Essentially, if you're interested in opening up transcendental portals of abundance, try this. I'm not saying it's a guaranteed thing to work. I'm not miscleo here guaranteeing your future, but in my experience, when you give, you get. And weirdly, even if you're given in a selfish way, sometimes you get. I think the karma complications of giving selfishly are probably not the best, but still, nevertheless, think that's a law of the universe. So if you're interested in donating to that, you go to synchpodcast.com/generosity. We're also on GoFundMe. That's how we're collecting money. And then about the second week of August, I'm thinking maybe third week, we will have a poll and a vote on some places we want to send that money to.

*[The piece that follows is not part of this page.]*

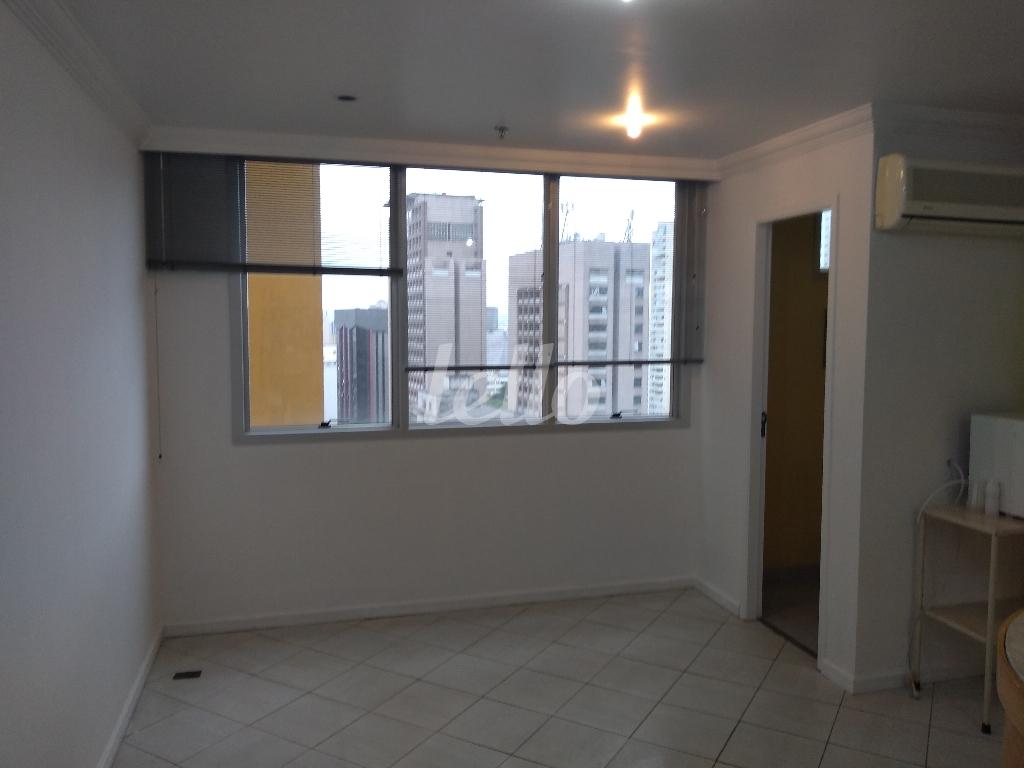 RECEPÇÃO de Sala / Conjunto para alugar, Padrão com 38 m², e 1 vaga em Liberdade - São Paulo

So that'll be cool. Hopefully you get to $1,000. That'll be really sweet. Think of you or a person. Maybe that's some shit going on. It wasn't going so well for you some way. And then you got $1,000 from a group of people. That's fucking cool. Okay. I wanted to talk about a quick thing. I've been watching Netflix more because they've been paying for it every month, and I've been watching a lot of Hulu. Hulu's got a lot of TV shows I like, but I've been getting into it. I love documentaries. Big documentary fan. Speaking of documentaries, if you like documentaries, go check out another podcast on MyPod Network.
Sean Dunn's very apt podcast. He also check out his documentaries. They're all free, very apt.tv, incredible stuff. I'm not even going to say anything more about that. If you're interested, you will check it out or you should check it out. But I watched this thing, this documentary called Foxcatcher, which there was a movie that came out with Steve Carell not too long ago, which was a true story of a US wrestling team and a DuPont, John DuPont, who basically was a benevolent financial provider for a lot of Olympic things, and he got super into wrestling, and it ended in a murder, a tragic murder because John DuPont had a very weird life, was very socially isolated, didn't have social skills, and basically devolved into a paranoid, really fucked up mental state, and he ended up killing Dave Schulz.
So I bring this up not only because this is a great documentary, it's really interesting, but the coolest thing about this documentary is at the very end, there's a part where Dave Schulz's daughter, who's now grown, young adult, she basically has, I think, the line of the movie where they're talking about how, basically, I'm not going to ruin it for you, but John DuPont gets put in jail. He tries to plead insanity, but it doesn't work, and he gets put in jail and he eventually dies in jail, alone, and she says, you know, so weird, everyone was cheering and happy when he died, and she thought that, and she was like, I thought that was the saddest thing I had ever heard.
This guy, who grew up alone, isolated, his father was never there, no one interacted with him, all he wanted to do was connect with people, and how does he end his life, he's alone in prison, people cheering, and she's like, when my dad died, everyone was grieving, and I just thought that was incredible, that she basically had the ability to tap into that, and, you know, that was her father who was killed by this guy, and she had compassion for him, so I thought that was fucking amazing. So check that documentary out also, just really good. Okay, a few more things, promise I'm getting through it, I'm writing these things down, and I'm not laboring on for the people who don't want to listen to this.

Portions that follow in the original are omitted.